I. Aanmonstering van zeelieden
De reders van vaartuigen waarvoor visserijvergunningen in het kader van de overeenkomst worden verleend, dragen bij tot de praktische beroepsopleiding van onderdanen van Ivoorkust onder de hierna vastgestelde voorwaarden en binnen de volgende grenzen:
1. Elke reder van trawlers verbindt zich tot het in dienst nemen van:
-één matroos voor vaartuigen met een tonnage van minder dan 250 brt;
-twee matrozen voor vaartuigen met een tonnage tussen 250 en 300 brt;
-drie matrozen voor vaartuigen met een tonnage van meer dan 300 brt.
De reders van vaartuigen voor de tonijnvisserij en van vaartuigen voor de visserij met de drijvende beug nemen onderdanen van Ivoorkust in dienst onder de hierna vastgestelde voorwaarden en binnen de volgende grenzen:
-voor de vloot van vaartuigen voor de tonijnvisserij met de hengel worden tijdens het seizoen waarin in de visserijzone van Ivoorkust wordt gevist, vier matrozen uit Ivoorkust aangemonsterd. Er hoeft evenwel nooit meer dan één matroos per vaartuig te worden aangemonsterd;
-voor de vloot van vaartuigen voor de tonijnvisserij met de zegen worden 30 matrozen uit Ivoorkust aangemonsterd;
-voor de vloot van vaartuigen voor de visserij met de drijvende beug worden tijdens het seizoen waarin in de visserijzone van Ivoorkust wordt gevist, vier matrozen uit Ivoorkust aangemonsterd. Er hoeft evenwel nooit meer dan één matroos per vaartuig te worden aangemonsterd.

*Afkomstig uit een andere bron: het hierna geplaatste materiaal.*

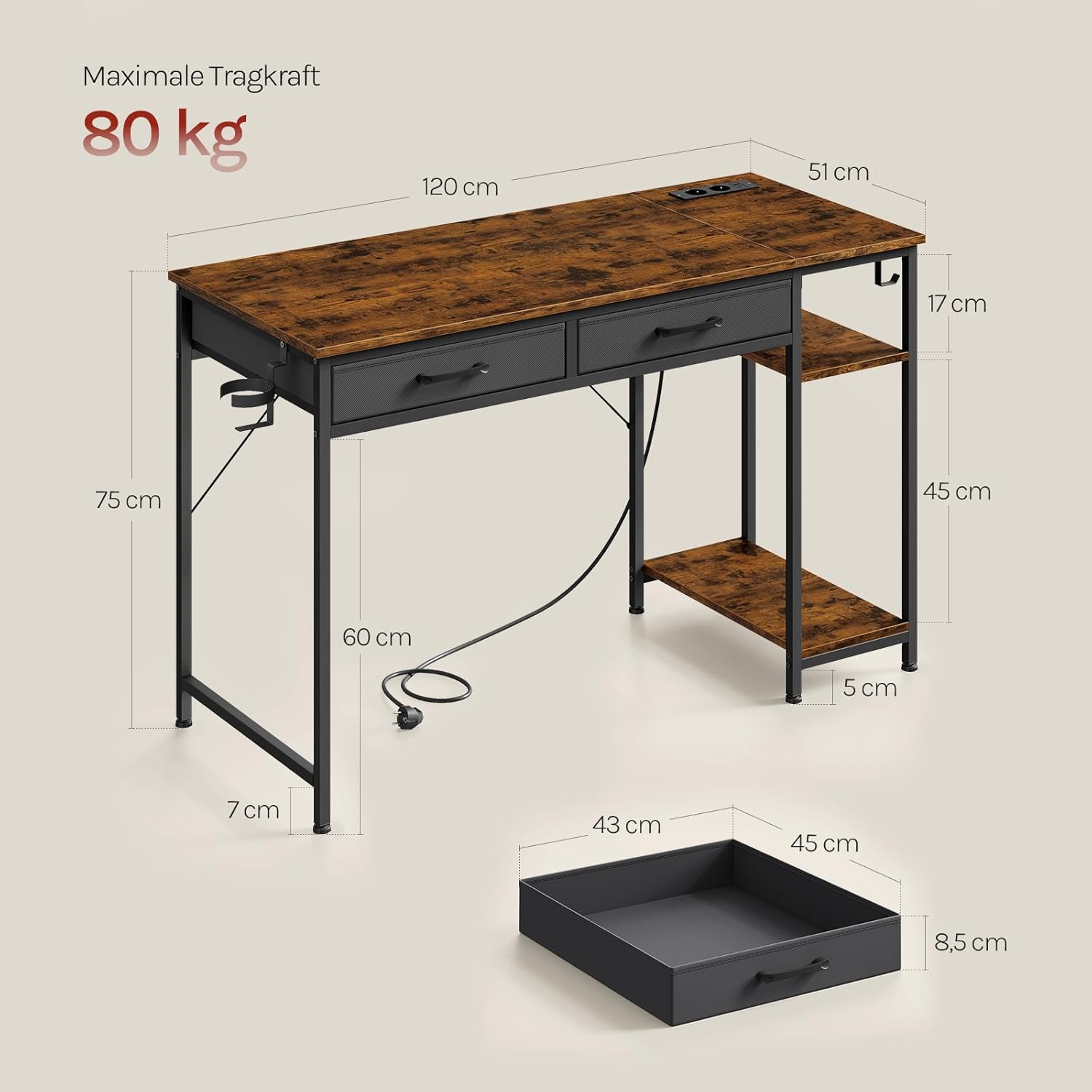 WOLTU Schreibtisch mit 2 Schubladen, 2 Steckdosen, USB- und Typ-C-Anschluss, Kopfhörerhaken und Ablagen – Computertisch für Büro und Wohnzimmer, 120 x 51 x 75 cm, Rustikales Braun – Bild 3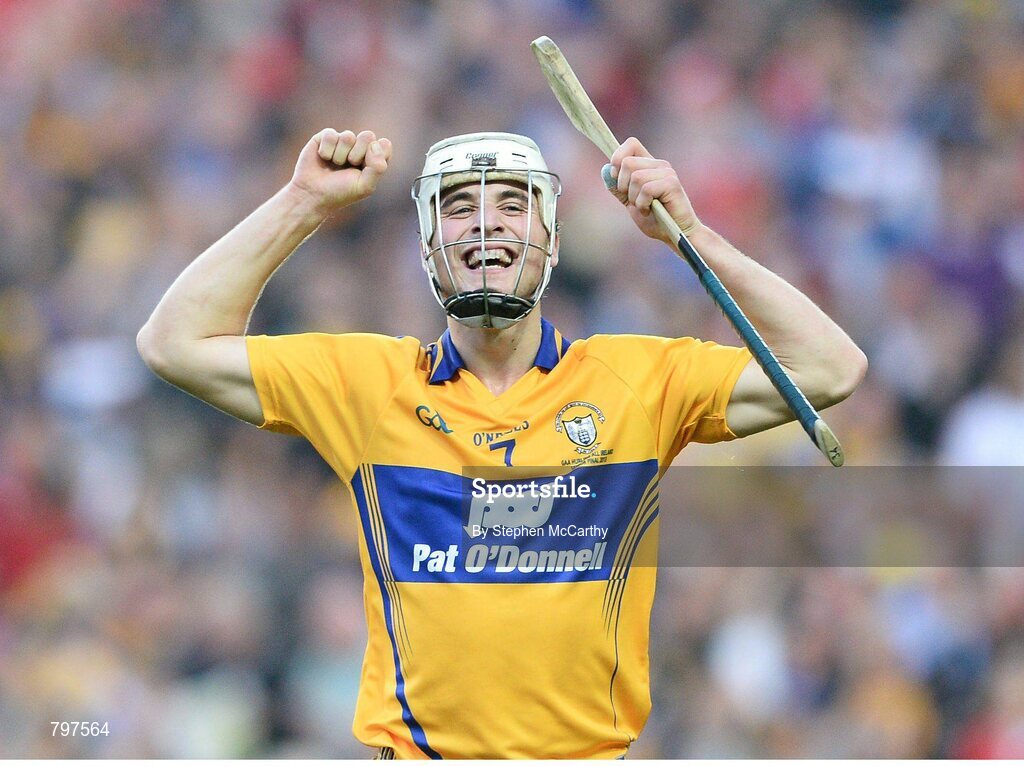 28 September 2013; Patrick O'Connor, Clare, celebrates at the final whistle. GAA Hurling All-Ireland Senior Championship Final Replay, Cork v Clare, Croke Park, Dublin. Picture credit: Stephen McCarthy / SPORTSFILE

Op verzoek van de reders kunnen nog meer matrozen uit Ivoorkust worden aangemonsterd.
De reders nemen door de bevoegde autoriteiten erkende beroepsmatrozen uit Ivoorkust in dienst.
2. Het loon van deze matrozen wordt door de reders of hun vertegenwoordigers en de Ivoriaanse visserijautoriteiten in onderling overleg vastgesteld voordat een vergunning wordt afgegeven; het loon komt voor rekening van de reders en omvat ook de sociale premies voor de zeelieden (o.a. levens-, ongevallen- en ziektekostenverzekering).

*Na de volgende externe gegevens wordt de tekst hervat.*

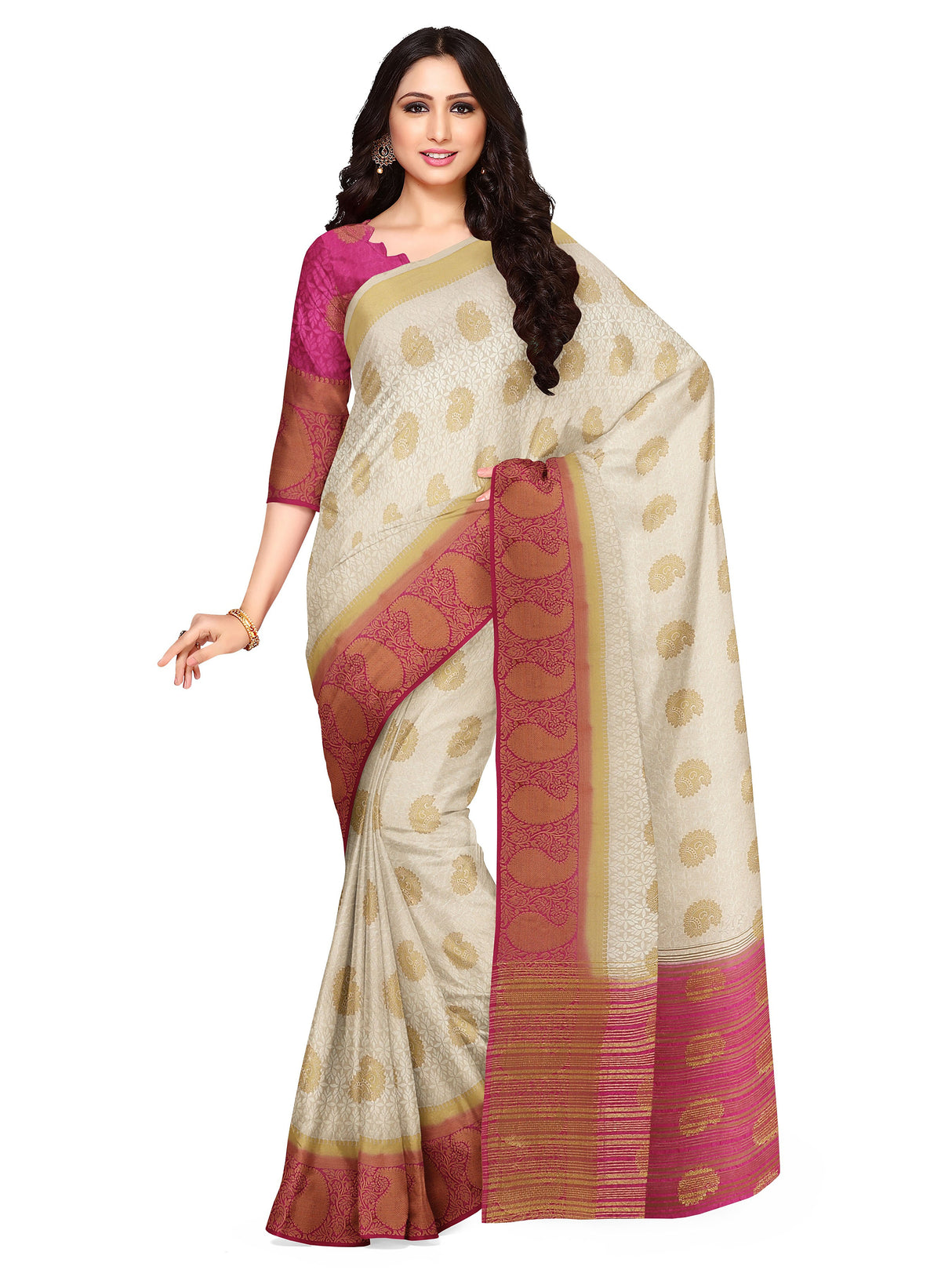 Mimosa Womens Art Silk Saree Kanjivaram Halfwhite Color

3. Als de verplichting om matrozen uit Ivoorkust in dienst te nemen niet wordt nagekomen, moeten de reders van vaartuigen voor de tonijnvisserij met de hengel of de zegen en van vaartuigen voor de visserij met de drijvende beug voor het betrokken visseizoen een forfaitair bedrag betalen dat gelijk is aan het loon van de niet door hen aangemonsterde matrozen.

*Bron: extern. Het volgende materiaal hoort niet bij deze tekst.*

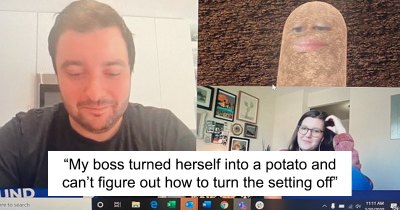 Boss Mistakenly Turns On The Potato Filter During Home-Based Video Conference Call Meeting, Conducts The Whole Meeting Talking Like A Potato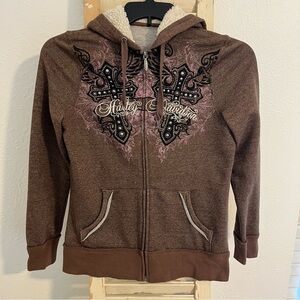 ✨Vintage y2k Harley Davidson womens zip Sz S hoodie sweatshirt Cross Rhinestone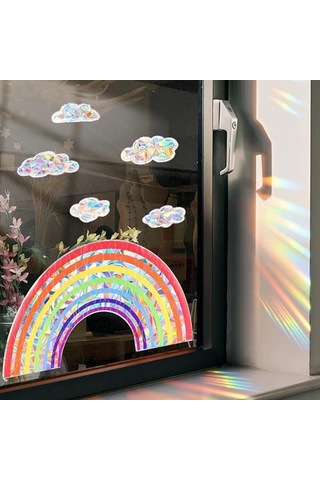 Güneş Yakalayıcı Etiketler Gökkuşağı Bulutu Pencere Etiketleri, 6 Adet Yapışkansız Prizma Vinil Çıkartma Çarpışma Önleyici Pencere Yapışkanları Ev Dekorasyonu Pencere Filmi Cam İçin Çok Renkli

Dit bedrag wordt besteed aan de opleiding van matrozen uit Ivoorkust en wordt overgemaakt op een door de visserijautoriteiten van Ivoorkust op te geven rekening.
4. Ieder vaartuig moet, als de kapitein daarmee instemt, een door de bevoegde Ivoriaanse autoriteiten voorgestelde stagiair aan boord nemen. De levens- en werkomstandigheden van de stagiair aan boord zijn, voorzover mogelijk, identiek aan die van het personeel van dezelfde rang. Kost en inwoning zijn voor rekening van Ivoorkust.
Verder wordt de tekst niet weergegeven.